Jak mówią specjaliści, najbardziej opłaca się produkować talk show i teleturnieje (była firma Dworaka produkuje „Grę z cieniem”). Ich częstotliwość obniża koszty produkcji (za jednym razem nagrywa się kilka odcinków). Żyłą złota są też seriale. Tym bardziej że za całoroczną realizację popularnego serialu TVP płaci od 10 do nawet 20 mln zł. Przy serialach liczą się też powtórki, bo za nie dostaje się tantiemy. Np. „Na dobre i na złe” w 2004 r. miało 42 premiery i aż 276 powtórek. Producent jest co prawda wyłączony z grupy osób pobierających tantiemy, ale bardzo często bywa zarazem współproducentem scenariusza, a nawet reżyserem. I wówczas tantiemy za powtórki kasuje. Ale do takiego kąska dostać mogą się tylko nieliczni. Niedawno ogłoszono konkurs na nowy serial. Zanim sformułowano konkretne warunki zamówienia, na Woronicza szeptało się już, że i tak wiadomo, kto konkurs wygra.
Oferty od producentów zewnętrznych wpływają do TVP niemal codziennie. Według naszej informacji na początku roku w bazie znajdowało się ponad 2 tys. propozycji. Na ponad 1,4 tys. propozycji nie udzielono jeszcze odpowiedzi. Zdaniem pracowników TVP wszystko zależy od odpowiedniego „pchnięcia” sprawy. Np. „Warto rozmawiać” znalazło się na antenie Dwójki, ponieważ uznano, że program „może zainteresować widza”. Jak mówią nasi rozmówcy, kto co dostaje, zależy głównie od znajomości. Dopiero na końcu brana jest pod uwagę umiejętność realizowania programów.
Aż dziw bierze, że mimo iż w grę wchodzą takie pieniądze, odwleka się zapowiadana kontrola obejmująca współpracę TVP z producentami niezależnymi. Tadeusz Kowalski, przewodniczący Rady Nadzorczej TVP, mówi: – Najpierw zróbmy procedury współpracy z producentami, a potem dopiero zajmijmy się audytem.
A ponieważ procedur nie ma (i nie wiadomo, kiedy będą), koło się zamyka. Kowalskiego to nie martwi.

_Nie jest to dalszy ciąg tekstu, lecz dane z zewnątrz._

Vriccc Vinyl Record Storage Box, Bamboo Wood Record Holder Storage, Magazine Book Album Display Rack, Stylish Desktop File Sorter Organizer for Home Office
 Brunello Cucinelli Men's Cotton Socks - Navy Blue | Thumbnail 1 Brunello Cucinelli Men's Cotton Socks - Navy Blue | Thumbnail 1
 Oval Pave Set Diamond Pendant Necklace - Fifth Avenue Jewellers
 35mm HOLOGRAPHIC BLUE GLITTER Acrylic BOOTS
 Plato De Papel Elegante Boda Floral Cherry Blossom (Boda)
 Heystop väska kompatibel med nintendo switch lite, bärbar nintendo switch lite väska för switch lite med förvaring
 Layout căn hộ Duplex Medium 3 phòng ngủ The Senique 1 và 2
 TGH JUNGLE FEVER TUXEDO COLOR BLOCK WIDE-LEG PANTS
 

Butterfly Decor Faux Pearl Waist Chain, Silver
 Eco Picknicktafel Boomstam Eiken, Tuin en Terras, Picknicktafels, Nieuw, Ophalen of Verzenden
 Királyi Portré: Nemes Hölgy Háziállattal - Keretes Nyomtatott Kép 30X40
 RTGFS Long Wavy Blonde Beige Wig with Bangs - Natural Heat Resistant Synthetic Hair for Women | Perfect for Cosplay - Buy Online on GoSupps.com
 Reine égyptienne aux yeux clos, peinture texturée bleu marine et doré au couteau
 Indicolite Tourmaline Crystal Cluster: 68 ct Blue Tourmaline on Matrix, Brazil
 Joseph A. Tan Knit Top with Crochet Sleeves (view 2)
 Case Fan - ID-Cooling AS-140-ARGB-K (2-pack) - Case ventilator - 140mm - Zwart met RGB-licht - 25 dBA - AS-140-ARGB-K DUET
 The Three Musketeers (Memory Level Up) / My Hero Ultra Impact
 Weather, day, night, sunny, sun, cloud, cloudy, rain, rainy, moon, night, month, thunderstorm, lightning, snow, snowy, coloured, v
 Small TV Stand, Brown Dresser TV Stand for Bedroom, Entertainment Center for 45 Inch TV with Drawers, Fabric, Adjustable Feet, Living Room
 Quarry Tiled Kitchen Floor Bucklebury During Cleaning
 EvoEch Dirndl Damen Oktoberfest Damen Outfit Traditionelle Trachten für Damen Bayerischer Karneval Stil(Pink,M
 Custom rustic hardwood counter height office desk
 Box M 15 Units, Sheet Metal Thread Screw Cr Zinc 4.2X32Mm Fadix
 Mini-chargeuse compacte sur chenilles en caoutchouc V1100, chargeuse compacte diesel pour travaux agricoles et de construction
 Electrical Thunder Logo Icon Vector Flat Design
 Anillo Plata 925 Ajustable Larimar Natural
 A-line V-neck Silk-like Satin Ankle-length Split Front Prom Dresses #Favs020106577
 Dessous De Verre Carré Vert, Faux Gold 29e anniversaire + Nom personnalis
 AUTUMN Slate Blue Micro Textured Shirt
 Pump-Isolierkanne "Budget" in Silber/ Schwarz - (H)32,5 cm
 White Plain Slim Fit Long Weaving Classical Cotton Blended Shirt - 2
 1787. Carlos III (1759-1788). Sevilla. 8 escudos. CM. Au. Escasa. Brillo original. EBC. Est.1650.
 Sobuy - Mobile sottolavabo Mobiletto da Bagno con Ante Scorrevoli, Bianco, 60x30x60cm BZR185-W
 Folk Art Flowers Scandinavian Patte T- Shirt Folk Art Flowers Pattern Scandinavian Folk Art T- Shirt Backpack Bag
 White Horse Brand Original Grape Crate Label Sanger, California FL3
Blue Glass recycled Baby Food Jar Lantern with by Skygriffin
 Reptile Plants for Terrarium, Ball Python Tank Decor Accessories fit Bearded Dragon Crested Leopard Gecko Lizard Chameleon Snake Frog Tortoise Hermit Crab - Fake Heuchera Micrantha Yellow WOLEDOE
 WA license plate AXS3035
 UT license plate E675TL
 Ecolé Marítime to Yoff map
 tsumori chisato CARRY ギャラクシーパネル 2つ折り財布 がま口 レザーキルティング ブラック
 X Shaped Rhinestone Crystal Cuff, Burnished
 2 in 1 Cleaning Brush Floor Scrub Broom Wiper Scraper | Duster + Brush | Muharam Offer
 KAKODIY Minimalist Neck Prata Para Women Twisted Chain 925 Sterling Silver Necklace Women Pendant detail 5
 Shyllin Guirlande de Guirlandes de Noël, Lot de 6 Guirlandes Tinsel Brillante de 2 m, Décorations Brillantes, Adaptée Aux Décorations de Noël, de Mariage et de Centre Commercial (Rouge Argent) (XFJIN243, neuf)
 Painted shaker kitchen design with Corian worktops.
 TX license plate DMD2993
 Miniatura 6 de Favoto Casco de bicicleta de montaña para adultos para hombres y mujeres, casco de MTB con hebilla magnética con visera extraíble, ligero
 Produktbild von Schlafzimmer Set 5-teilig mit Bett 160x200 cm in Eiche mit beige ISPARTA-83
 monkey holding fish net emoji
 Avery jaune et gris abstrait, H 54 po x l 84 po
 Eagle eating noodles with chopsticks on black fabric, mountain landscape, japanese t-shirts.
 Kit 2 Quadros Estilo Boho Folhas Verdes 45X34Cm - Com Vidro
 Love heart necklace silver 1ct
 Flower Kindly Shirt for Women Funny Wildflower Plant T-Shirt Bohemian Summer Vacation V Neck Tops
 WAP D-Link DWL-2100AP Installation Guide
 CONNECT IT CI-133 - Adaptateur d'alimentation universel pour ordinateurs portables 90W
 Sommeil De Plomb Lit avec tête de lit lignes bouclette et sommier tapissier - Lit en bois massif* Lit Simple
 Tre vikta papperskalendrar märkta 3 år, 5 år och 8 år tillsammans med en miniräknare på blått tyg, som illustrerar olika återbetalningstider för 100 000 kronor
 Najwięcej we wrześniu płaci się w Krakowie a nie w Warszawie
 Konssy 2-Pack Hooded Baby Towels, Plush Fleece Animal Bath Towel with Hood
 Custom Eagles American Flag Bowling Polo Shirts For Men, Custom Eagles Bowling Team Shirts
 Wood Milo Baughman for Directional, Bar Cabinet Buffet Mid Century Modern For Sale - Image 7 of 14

Kiedy Agencja Filmowa (obok Agencji Produkcji Audycji Telewizyjnych główny producent wewnętrzny programów telewizji publicznej) zainteresowała się bliżej produkcją zewnętrzną, Dworak osobiście postanowił wystąpić w obronie producentów, jakoby nękanych przez AF. W piśmie do dyrektora AF, Andrzeja Serdiukowa, napisał, że napływają do niego sygnały ze środowiska producentów, którzy skarżą się na intensywne kontrole, rzekomo przeszkadzające w pracy, podwyższające koszty produkcji i powodujące konflikty. Pismo, adresowane do dyrektora agencji, Andrzeja Serdiukowa, było też skierowane do wiadomości Macieja Strzembosza!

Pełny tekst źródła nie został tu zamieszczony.